Prezydent: zginął nasz żołnierz, doświadczony pilot, to ogromna strata

Zginął nasz żołnierz, doświadczony pilot, to zawsze ogromna strata ludzka i ogromna strata dla państwa polskiego - powiedział prezydent Andrzej Duda, przekazując wyrazy współczucia dla rodziny, przyjaciół i towarzyszy broni pilota, który zginął w katastrofie samolotu M-346 Bielik w Gdyni.

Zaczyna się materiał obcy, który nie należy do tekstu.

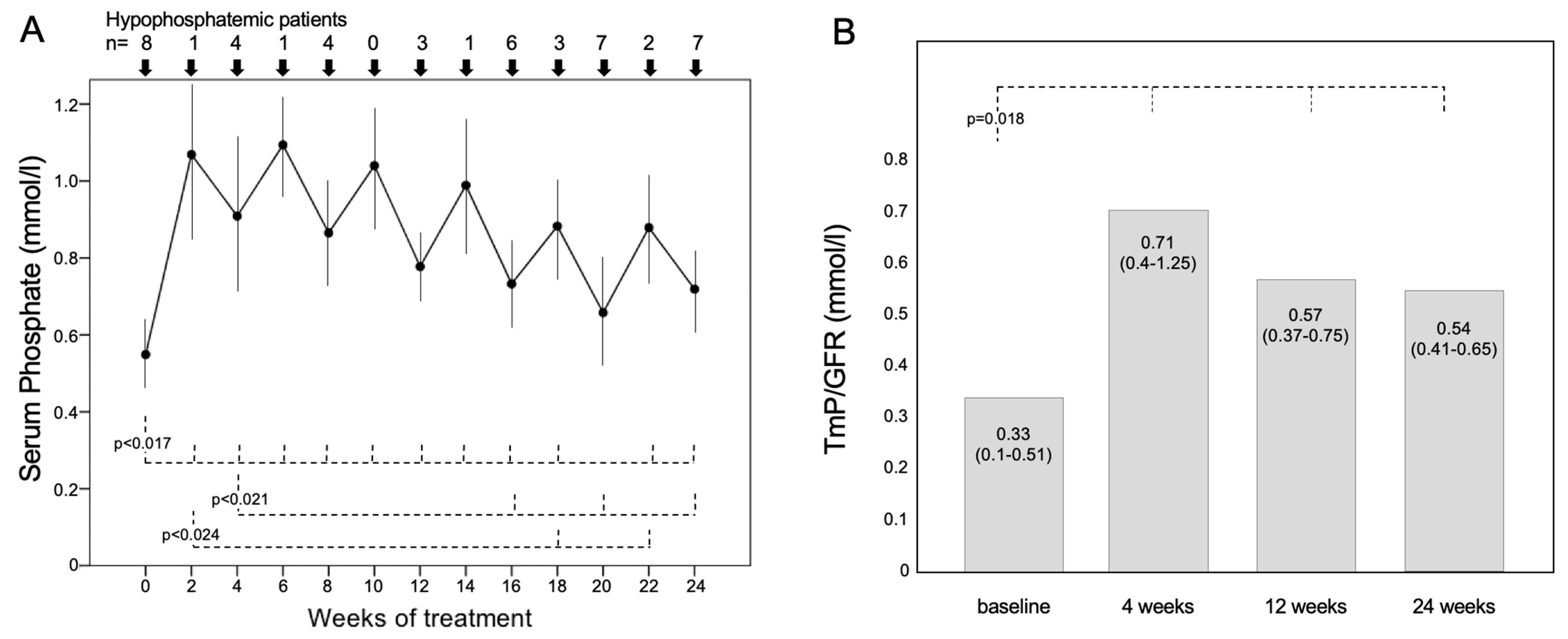 Jcm 12 02906 g001 Jcm 12 02906 g001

Prezydent zapewnił, że państwo zaopiekuje się rodziną zmarłego pilota. "Z całą pewnością Pałac Prezydencki, włącznie z Biurem Bezpieczeństwa Narodowego, jako to miejsce, gdzie koncentruje się wykonywanie zadań przez Zwierzchnika Sił Zbrojnych, czyli Prezydenta RP, będzie tutaj trzymał rękę na pulsie" - powiedział Andrzej Duda w Polsat News.

"Jestem tutaj spokojny, bo wiem, że Ministerstwo Obrony Narodowej i Sztab Generalny WP na pewno będą dbały, żeby w jak największym stopniu postarać się zabezpieczyć najbliższych pana majora" - dodał prezydent.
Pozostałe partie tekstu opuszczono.